Per questo mi ha stupito la reazione di Renzi di stanotte e di questa mattina ai risultati elettorali dell’Emilia e della Calabria. Ieri: «Male affluenza, bene risultati: 2-0 netto. 4 regioni su 4 strappate alla dx in 9 mesi. Lega asfalta Forza Italia e Grillo. Pd sopra il 40%». Oggi: «Vittoria netta, bravissimi Bonaccini e Oliverio. Massimo rispetto per chi vuole chiacchierare. Noi nel frattempo cambiamo l’Italia». Parole che colpiscono. E che svelano, quasi per lapsus, un progetto futuro. Un Paese in cui c’è una sola offerta di governo: il Pd di Renzi.

Un polo di destra egemonizzato dalla Lega di Salvini che, parola del premier, «asfalta» Berlusconi, il contraente del Patto del Nazareno, ma che non avrà mai i numeri per competere con il Pd per la guida del governo. E una sinistra messa con le spalle al muro: votare il Pd o restare a casa. E se resta a casa, peggio per lei. Resta Grillo, ma lui si è messo fuori gioco da solo e 5 Stelle sta tornando a quote dimezzate rispetto ai sondaggi nazionali. A Parma, governata da Pizzarotti, M5S si ferma al 13 per cento, la Lega è risorta e sale al 22.

Tutto questo c’entra poco con il disegno iniziale di Renzi di far diventare il sistema politico italiano europeo e competitivo.

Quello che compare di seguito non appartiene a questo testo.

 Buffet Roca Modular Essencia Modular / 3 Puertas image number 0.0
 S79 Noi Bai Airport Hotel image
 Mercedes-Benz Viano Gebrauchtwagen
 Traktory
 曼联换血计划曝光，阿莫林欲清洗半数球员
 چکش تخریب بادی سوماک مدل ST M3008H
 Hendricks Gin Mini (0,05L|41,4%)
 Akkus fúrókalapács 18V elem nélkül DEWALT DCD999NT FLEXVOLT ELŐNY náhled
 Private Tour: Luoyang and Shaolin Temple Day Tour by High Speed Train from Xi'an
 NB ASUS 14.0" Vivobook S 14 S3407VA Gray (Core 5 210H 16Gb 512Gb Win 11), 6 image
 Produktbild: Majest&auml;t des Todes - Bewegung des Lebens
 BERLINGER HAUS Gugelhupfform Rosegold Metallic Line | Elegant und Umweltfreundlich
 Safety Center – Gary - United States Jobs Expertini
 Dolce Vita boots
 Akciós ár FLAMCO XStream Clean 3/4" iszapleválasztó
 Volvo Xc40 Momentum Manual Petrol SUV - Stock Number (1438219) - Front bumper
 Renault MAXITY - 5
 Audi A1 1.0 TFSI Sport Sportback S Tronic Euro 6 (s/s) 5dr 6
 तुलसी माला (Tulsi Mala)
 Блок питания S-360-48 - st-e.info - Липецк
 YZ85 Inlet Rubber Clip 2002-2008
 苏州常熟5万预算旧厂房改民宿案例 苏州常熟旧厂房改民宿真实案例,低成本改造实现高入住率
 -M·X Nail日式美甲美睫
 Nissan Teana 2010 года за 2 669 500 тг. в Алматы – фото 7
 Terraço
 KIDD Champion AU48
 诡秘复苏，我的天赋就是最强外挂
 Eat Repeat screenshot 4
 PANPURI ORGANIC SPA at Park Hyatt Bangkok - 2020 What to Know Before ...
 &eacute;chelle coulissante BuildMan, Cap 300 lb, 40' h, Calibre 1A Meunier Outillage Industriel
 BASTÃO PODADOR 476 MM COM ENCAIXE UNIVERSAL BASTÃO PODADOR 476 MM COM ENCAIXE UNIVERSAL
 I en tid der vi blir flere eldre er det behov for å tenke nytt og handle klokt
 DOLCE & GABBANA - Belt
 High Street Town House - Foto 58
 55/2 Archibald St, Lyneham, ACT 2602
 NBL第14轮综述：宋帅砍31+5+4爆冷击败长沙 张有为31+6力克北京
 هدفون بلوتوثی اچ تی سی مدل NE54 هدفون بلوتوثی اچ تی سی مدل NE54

E soprattutto fa a pugni con la realtà. Perché il premier può litigare con chi vuole: la Cgil, i giornali, i gufi, i professoroni, Landini, ma non con la realtà. La realtà italiana di questo autunno rivela un Paese diviso, frammentato, arrabbiato, incattivito. Di sterminate periferie urbane in cui non arriva la politica, e neppure il neo-ottimismo del premier, le nuvolette celesti, il digitale o la competizione internazionale. Di fabbriche che chiudono o rischiano di chiudere, da Terni a Livorno, intere città in dismissione. Di proteste e di rivolte e di occupazione di strade in ogni dove. Di alluvioni e di pezzi di territorio lacerati, da ricucire.

Non si liquida tutto questo dividendo il mondo tra chi lavora (Renzi e il suo governo) e chi ha voglia soltanto di chiacchierare. Non è giusto. Di più: non è realistico. Si può anche decidere che non è un problema, che bastano i votanti per decidere chi vince, che in tutto l’Occidente funziona così eccetera. Liquidare il tutto con un piagnisteo.

Possono farlo i renziani di complemento, i cinguettatori per dovere di contratto o di conformismo, a loro volta espressione di un gruppo dirigente più virtuale che reale, miracolato dal carisma del Capo. Oppure le minoranze del Pd, che vivono in un mondo a parte perché quel che è accaduto in Emilia li riguarda da vicino, parla della loro incapacità di rinnovarsi, della Ditta che si sgretola nel punto più delicato, il senso di appartenenza di un elettorato fedele che non era mai venuto meno.

Tutti possono esultare, con insipienza e arroganza, meno il premier Renzi.

È lui a ripetere che gli elettori hanno sempre il telecomando in mano e che sono sempre pronti a fare zapping. Ma allora c’è ben poco di cui rallegrarsi se in Emilia due terzi degli elettori hanno preferito tenere il televisore spento piuttosto che assistere a uno spettacolo di attori mediocri. Chi l’avrebbe mai detto che proprio l’insaziabile Renzi avrebbe finito per accontentarsi.